BEGIN
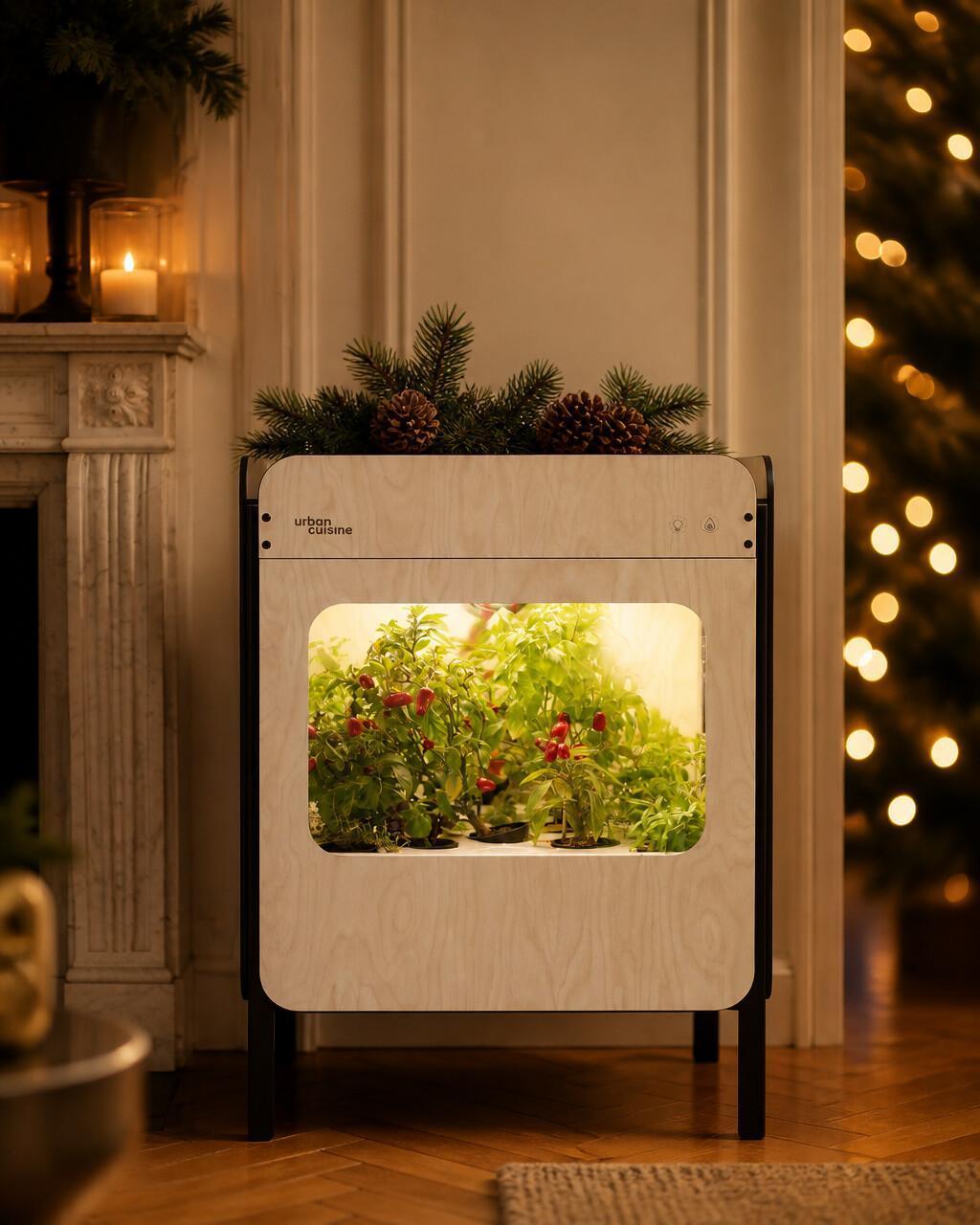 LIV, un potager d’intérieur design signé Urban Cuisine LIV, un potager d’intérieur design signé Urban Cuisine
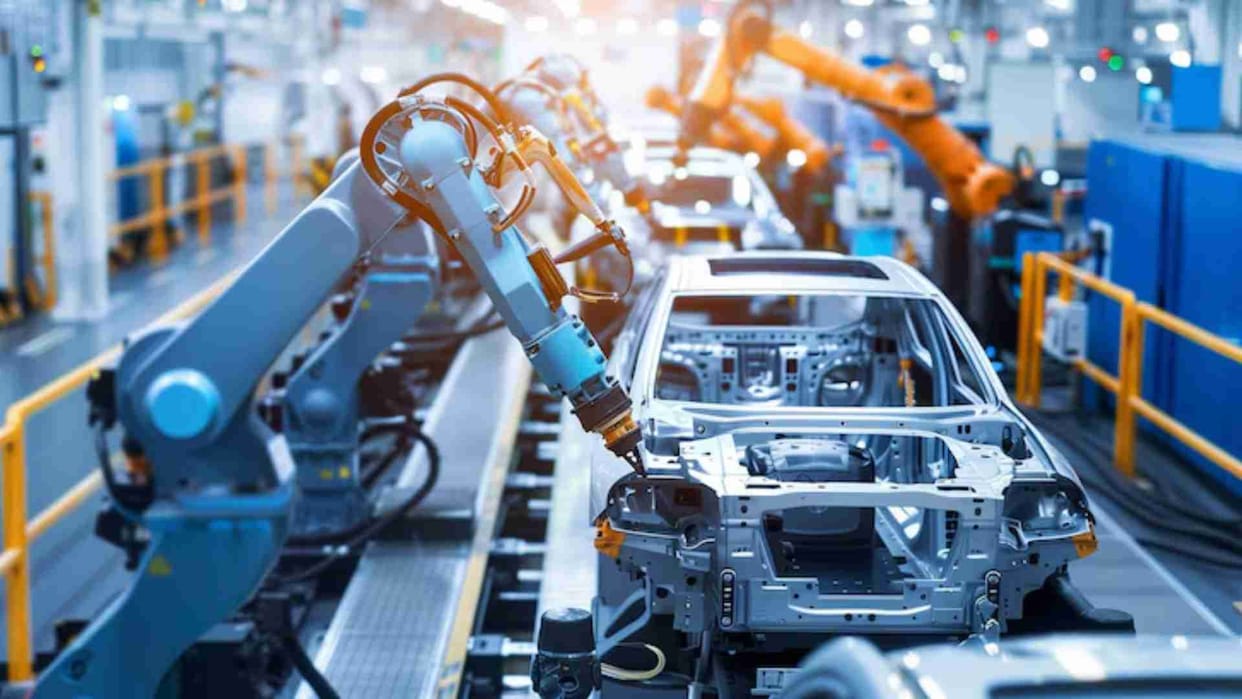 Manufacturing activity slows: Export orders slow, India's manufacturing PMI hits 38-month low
END
BEGIN
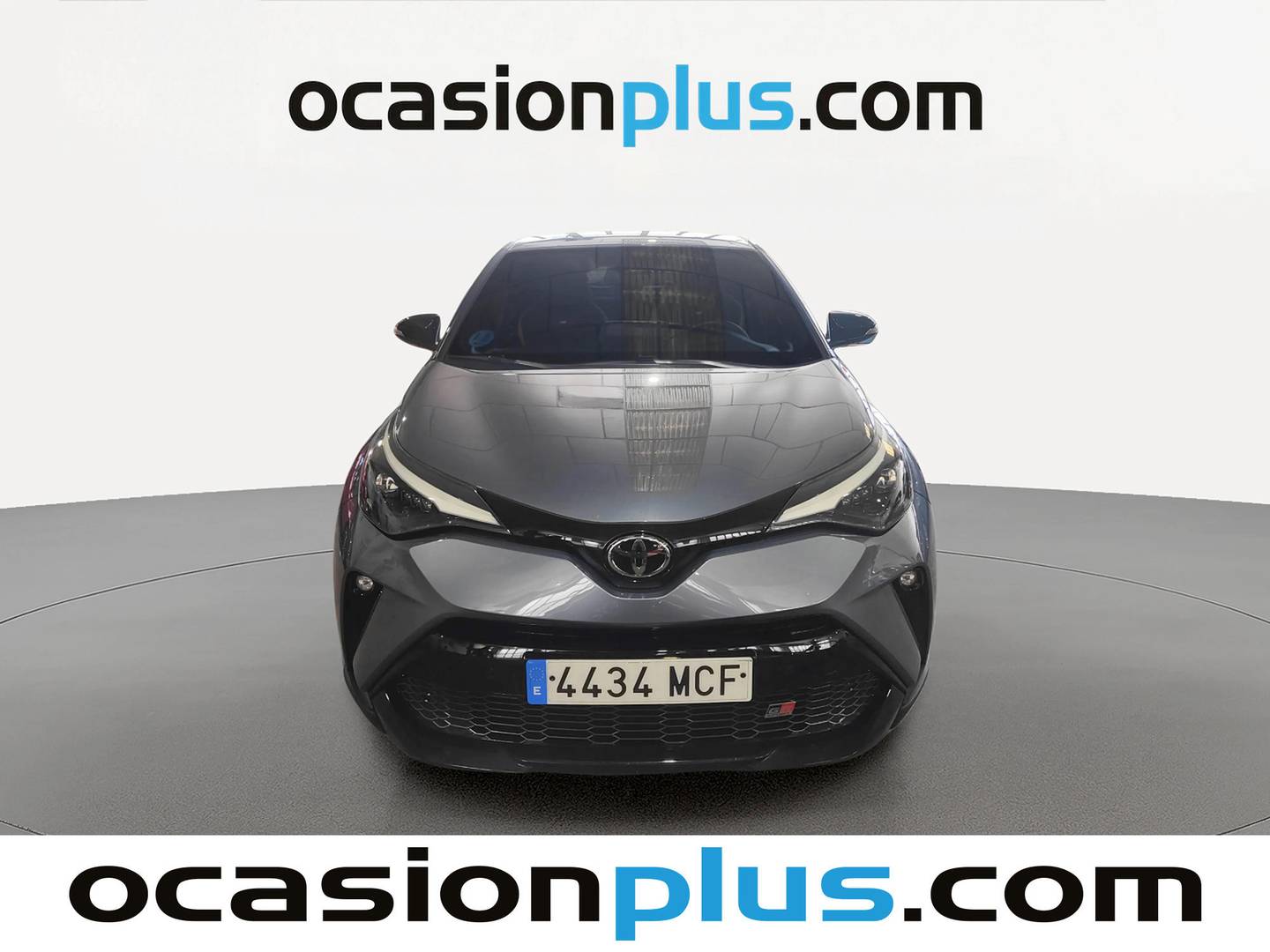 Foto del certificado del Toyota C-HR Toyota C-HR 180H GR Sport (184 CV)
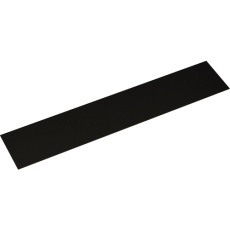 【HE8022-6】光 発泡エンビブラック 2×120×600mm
END
## DIRECTIONS
Using the data above, set down each line from the line with "LIV, un potager d’intérieur design signé Urban Cuisine LIV, un" to the line with "Manufacturing activity slows: Export" exactly, both ends included, and leave the pictures behind. Nothing else belongs.

## SOLVED EXERCISE
 LIV, un potager d’intérieur design signé Urban Cuisine LIV, un potager d’intérieur design signé Urban Cuisine
 Manufacturing activity slows: Export orders slow, India's manufacturing PMI hits 38-month low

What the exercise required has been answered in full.